To a lot of people, a generational change in their rules system is something to be endured. To others, it’s something to be ignored or avoided altogether. There is an alternative: to look for the opportunities in the change.
A spot of self-defence
Long-time readers of this website – and anyone who glances at the categories list over to the right – may be tempted to point their fingers at me and level accusations of hypocracy, because all my campaigns are still operating with D&D 3.x rules. This is a choice that has been made quite deliberately, and for several reasons, the most important of which I explained in the comments to a previous post “The Quality Of Rules”, part of the (still incomplete) Rules Mastery series, where I wrote:
All too often, when people are assessing House Rules, or even changes to the Official Rules, they operate exclusively on the GNS axis, or they talk about the “flavor” having changed without being able to summarise exactly how and why. That’s because they are using the GNS [Gamist/Narrativist/Simulationist] axis and there’s no place on it for genre considerations, so they are reduced to saying “it’s different and I love it because it’s better for the game I want to run” or “it’s different and I hate it because the changes get in the way of the game I want to run” – frequently simplified to the basic reaction with no analysis whatsoever. Those assessing the changes then dive directly into game mechanics and specific changes because there is no tool in their understanding for generalising.
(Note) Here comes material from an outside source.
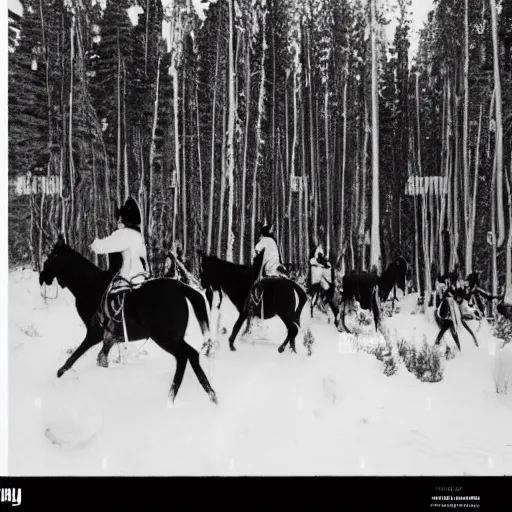 Image similar to photograph of savage plains indians on the warpath riding horses through some aspen trees in the snow attacking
Each edition of a game system occupies a slightly different position on the GNS-and-Genre landscape to the one before it, defining it’s own “comfort zone” in terms of the genres that it can comfortable simulate without rules modification. Some of them will overlap – some won’t, and don’t. I think that’s the source of a lot of the angst felt over the “edition wars” of D&D. From everything I’ve seen and heard, 4e does a better job of focussing on the low-fantasy end of the fantasy spectrum, and it’s better-defined in it’s focus on that niche. It’s geared to shorter campaigns so that characters never get to the point of being capable of the sweeping and epic attributes of a high-fantasy campaign. My tastes run to high-fantasy, and even 3.x with Epic-level characters doesn’t lean far enough in that direction for me; but those rules are closer to simulating the chosen genre of the games that I am running, that can and will take many years to play out, than 4e. So for my games, 3.x is better than 4e.
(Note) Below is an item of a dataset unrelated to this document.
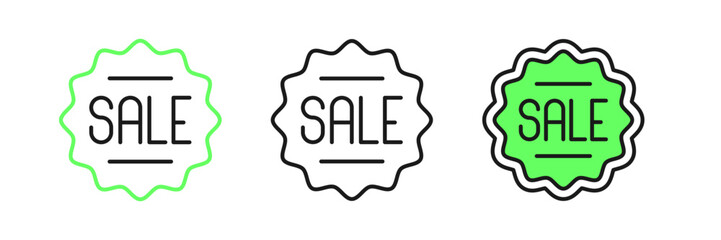 Set line Price tag with an inscription Sale icon isolated on white background. Badge for price. Promo tag discount. Vector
The emphasis here is on “for my games”. My decision was an enlightened and deliberate one. Does that mean that I’ll never buy a 4e product? Only if I can adapt it to my 3.x campaign, to be honest; and by the time those campaigns are complete (5 years or more from now), I would not be surprised if 5th edition is out. And from all the indications lately – see this article from NewbieDM’s blog, which I find completely plausible – there is evidence to support that expectation. By 2014, 4e will be six years old, not counting the time spent in development prior to release. Even if there weren’t valid game-mechanics/fan-oriented reasons for a new edition by that time, there will increasingly shrill noises coming from the direction of those making marketing and business decisions calling for a new edition.
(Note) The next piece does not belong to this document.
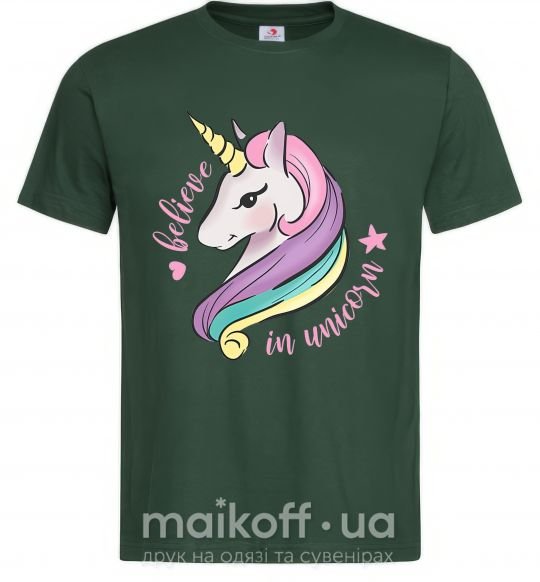 Мужская футболка Believe in unicorn Темно-зеленый фото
My choice isn’t for everyone. But that doesn’t mean that everyone should reject it without considering the possibilities.
I’ve never yet run a campaign with a deliberate permanent change from one rules system to another built into the plans from day one. But – using the precepts I’ve described in this article – the potential is there. It would simply be a matter of identifying the plot potentials and opportunities that the transition would provide. Generational change in your game system doesn’t have to be a life or death decision for your campaign.